Once a fact-checker has reviewed a post in the feed, they can give it one of nine ratings: false, partly false, true, false headline, not eligible, satire, opinion, prank generator and not rated. Any content that has been flagged under one of three possible fake news ratings is demoted in the news feed to reduce distribution and users are notified of the rating when they click to share it. Repeat offenders are commonplace on Facebook and the platform will sometimes take down pages that have been flagged multiple times – or at least remove their ability to monetise.

The fact-checker ratings help to train the machine-learning algorithm to spot potentially false content to reduce the reliance on user flagging. The machine-learning model can also identify duplicates of debunked stories. Fact-checkers are asked to focus on "the worst of the worst" – that is, clear misinformation and fake news intended to harm and mislead. Facebook has four criteria it asks fact-checkers to consider when prioritising what content to check: verifiability (claims based on facts rather than opinion), importance, relevance (to news or current events) and virality.

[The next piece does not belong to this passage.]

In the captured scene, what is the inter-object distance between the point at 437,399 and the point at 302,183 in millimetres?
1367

Then on to the fact-checking, which is a cumbersome process. Algorithms and digital tools may help surface potentially fake news, but the actual process is manual and resource-heavy. AFP reporters scrape videos and images for metadata, scan videos frame by frame for insignia or dialects that may give a location away, conduct reverse image searches and combine this with regular journalistic practices such as research, contacting the original sources and obtaining official statements/police reports.

So what's the solution?

It is clear that Facebook’s fake-news fight has significant flaws, although the proportion of content it catches and removes has likely increased (it has not provided official data). User flags are proving problematic due to the newness of the "fake news" phenomenon, with many not understanding what it is or abusing the tag to discredit publishers they don’t like. It is why both platforms such as Facebook and news organisations such as AFP are focusing on improving the general public’s news literacy.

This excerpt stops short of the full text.